→ Recorded data:
**********

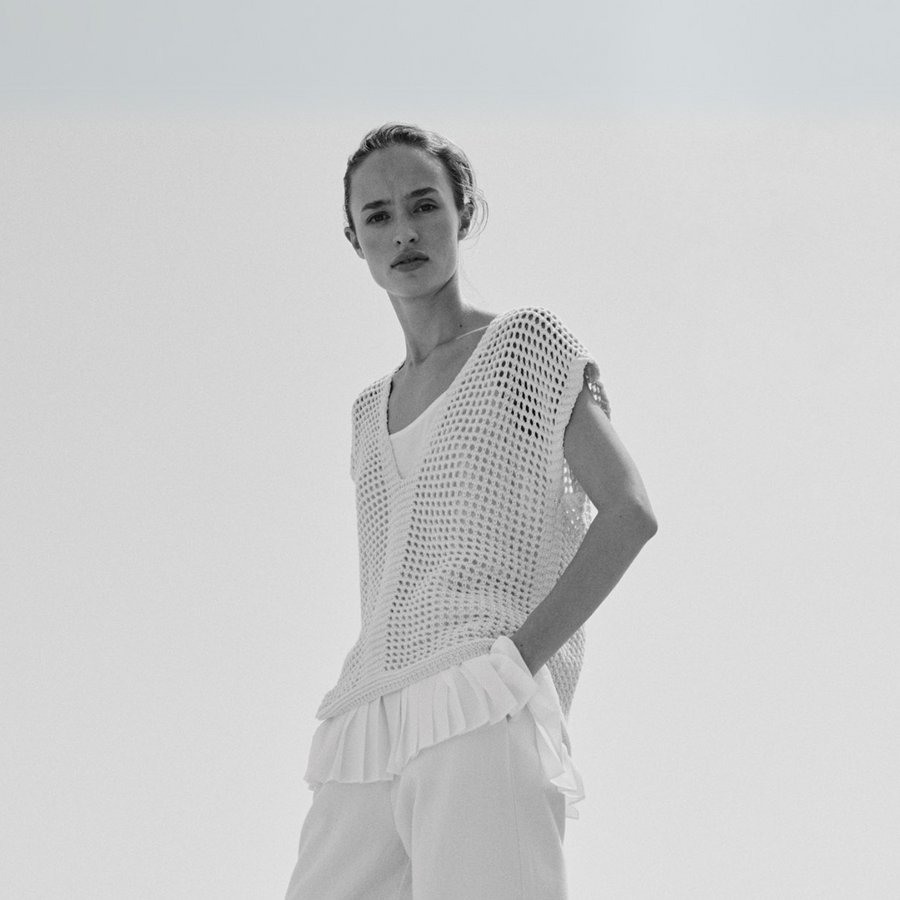 Sita Murt Off-White Strap Top with Pleated Frill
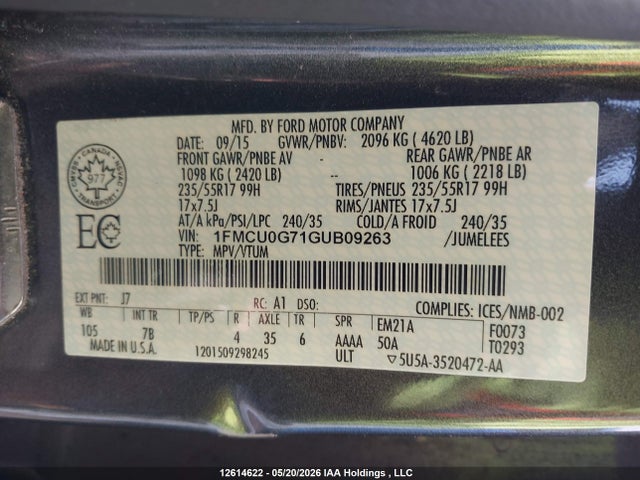 1FMCU0G71GUB09263 Ford ESCAPE SE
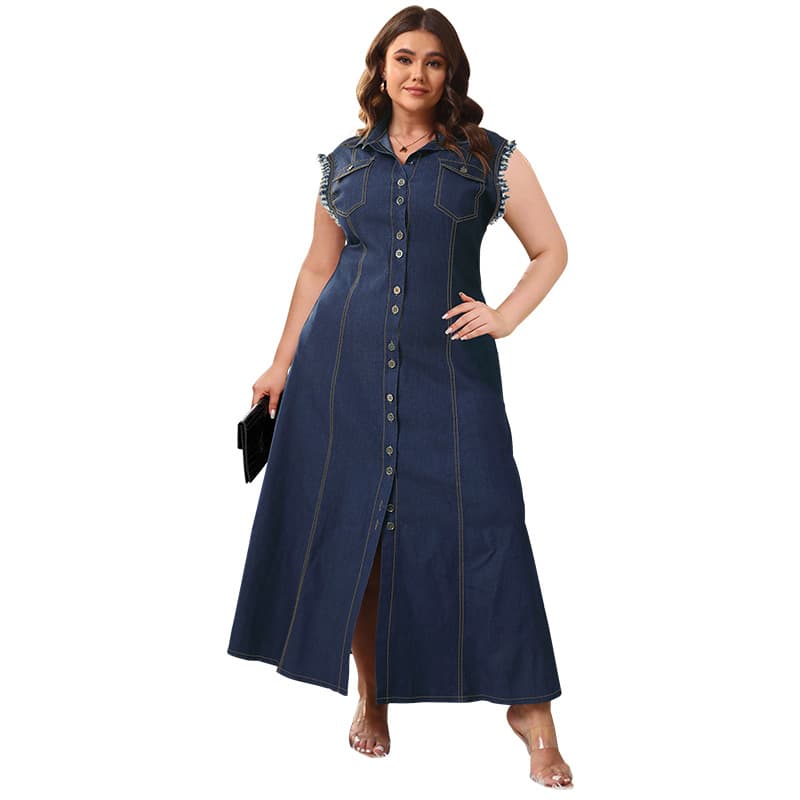 Vestido denim largo tipo cardigan con botones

**********

→ Problem description:
Return every line above word for word, minus images.

→ Answer section:
 Sita Murt Off-White Strap Top with Pleated Frill
 1FMCU0G71GUB09263 Ford ESCAPE SE
 Vestido denim largo tipo cardigan con botones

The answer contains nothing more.